TASK STATEMENT: Repeat the records below exactly as they appear.

[THE RECORDS]

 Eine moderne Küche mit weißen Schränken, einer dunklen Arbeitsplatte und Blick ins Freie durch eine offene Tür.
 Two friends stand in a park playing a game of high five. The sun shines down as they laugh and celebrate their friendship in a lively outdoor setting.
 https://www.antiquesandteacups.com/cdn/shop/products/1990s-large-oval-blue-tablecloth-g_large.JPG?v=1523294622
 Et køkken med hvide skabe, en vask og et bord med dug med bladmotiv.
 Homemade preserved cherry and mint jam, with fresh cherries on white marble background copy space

[/THE RECORDS]

EXERCISE SOLUTION:
 Eine moderne Küche mit weißen Schränken, einer dunklen Arbeitsplatte und Blick ins Freie durch eine offene Tür.
 Two friends stand in a park playing a game of high five. The sun shines down as they laugh and celebrate their friendship in a lively outdoor setting.
 https://www.antiquesandteacups.com/cdn/shop/products/1990s-large-oval-blue-tablecloth-g_large.JPG?v=1523294622
 Et køkken med hvide skabe, en vask og et bord med dug med bladmotiv.
 Homemade preserved cherry and mint jam, with fresh cherries on white marble background copy space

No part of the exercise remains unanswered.